Concrete actions to boost security and defence cooperation

In December 2016, the European Council endorsed the implementation plan on security and defence. The implementation plan sets the way ahead for the development of EU security and defence policy.

Building on the EU Global Strategy, the implementation plan focuses on three strategic priorities:

  • responding to external conflicts and crises
  • building the capacities of partners
  • protecting the EU and its citizens

Concrete actions to achieve these goals  include:

  • launching a coordinated annual review on defence (CARD) to enhance defence cooperation between member states
  • establishing a permanent structured cooperation (PESCO) to strengthen defence cooperation among those member states willing to go further in this cooperation
  • setting up a military planning and conduct capability (MPCC) to improve crisis management structures
  • strengthening the EU's rapid response toolbox, including the EU battlegroups and civilian capabilities

1. Coordinated annual review on defence

The coordinated annual review on defence (CARD) would provide a better overview at EU level of defence spending, national investment and research efforts.

The review would increase the transparency and political visibility of European defence capabilities. The benefits include:

  • better identification of shortfalls
  • deeper defence cooperation
  • better and more coherent approach to defence expenditure planning

2. Towards a permanent structured cooperation 

The Lisbon Treaty provides that a group of member states can strengthen their cooperation in defence matters by setting up a permanent structured cooperation (PESCO).

On 22 June 2017, EU leaders agreed to launch a permanent structured cooperation in order to strengthen Europe's security and defence.

Member states will agree on a common list of criteria and commitments, together with concrete capability projects, in order to start this cooperation. 

3. Improved crisis management structures 

On 8 June 2017, the Council agreed to establish a military planning and conduct capability (MPCC) within the EU military staff.

The MPCC improves the EU's capacity to react in a faster, more effective and more coherent manner.

It is responsible, at the strategic level, for the operational planning and conduct of non-executive CSDP military missions

4. Reinforced EU rapid response toolbox

EU battlegroups are one of the tools at the EU's disposal that can be used to respond quickly to crises and conflicts. They are military forces that can be rapidly deployed on the ground.

The battlegroups were created in 2005, but they have never yet been deployed due to political, technical and financial obstacles.

In order to strengthen the EU's rapid response capabilities, EU leaders agreed on 22 June 2017 to bear the deployment of battlegroups as a common cost. The financing of battlegroups will be managed at EU level through the Athena mechanism on a permanent basis. 

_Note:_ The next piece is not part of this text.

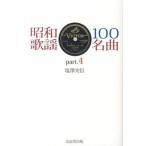 昭和歌謡100名曲（part．4）（単行本） 中古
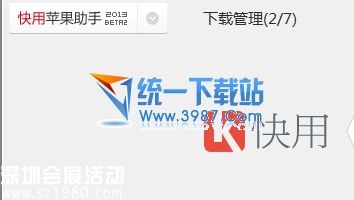ihone6 plus怎么下載軟件？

The EU is also working to develop the civilian capabilities and enhance the responsiveness of civilian crisis management, including through the possible creation of a core responsiveness capacity. 

EU-NATO cooperation

Infographic - EU-NATO Joint Declaration: implementation

EU-NATO joint declaration infographic

On 8 July 2016, the EU and NATO signed a joint declaration to further strengthen their cooperation in seven strategic areas, namely:

  • hybrid threats
  • operational cooperation, including maritime issues
  • cyber security
  • defence capabilities
  • industry and research
  • coordinated exercises
  • capacity building

Afterwards, on 6 December 2016, the Council endorsed a common set of 42 proposals, which was also endorsed by NATO.

In June 2017, foreign ministers welcomed progress in the implementation of the common set of proposals and called for further steps in the same direction.

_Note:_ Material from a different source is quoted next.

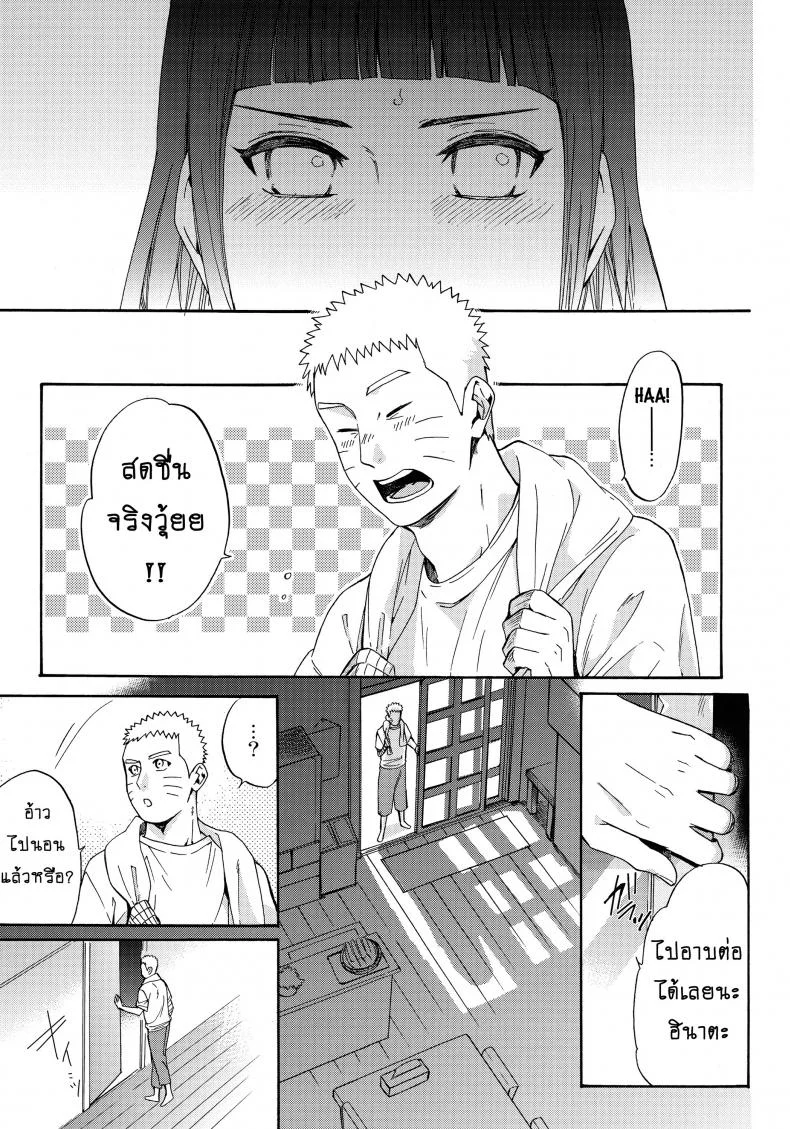 ขอโอกาสรักเธออีกครั้ง [Shohin-Mei Yome Ga - Ni Narimashite]ขอโอกาสรักเธออีกครั้ง 1 หน้า 44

European defence action plan

With €203 billion spent on defence in 2015, EU member states are the world's second largest military spender, after the US.

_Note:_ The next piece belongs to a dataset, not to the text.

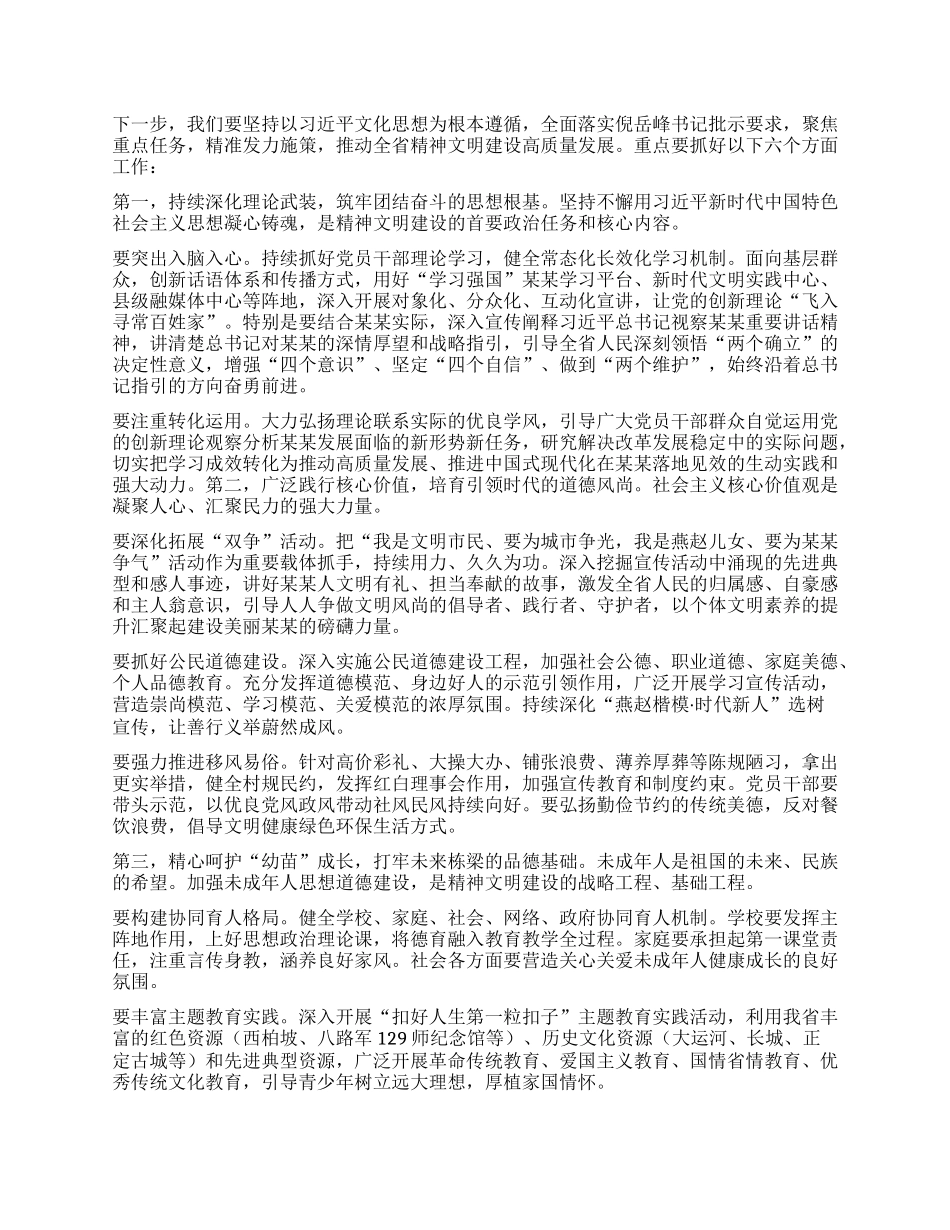 在全省精神文明建设工作座谈会上的讲话.docx_第2页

However, defence budget funds are often inefficiently used due to:

  • fragmentation of the European defence market
  • costly duplication of military capabilities
  • insufficient industrial collaboration and lack of interoperability

To address these issues, the European Commission presented the European defence action plan on 30 November 2016. The action plan aims to:

  • boost cost efficiency of defence spending
  • enhance defence cooperation
  • build a stronger industrial base

The plan sets out three key actions:

  • setting up a European defence fund
  • encouraging investments in the defence industry
  • reinforcing the single market for defence 

On 22 June 2017, the European Council welcomed the Commission's communication on a European defence fund. They also called for rapid agreement on the proposal for a European defence industrial development programme.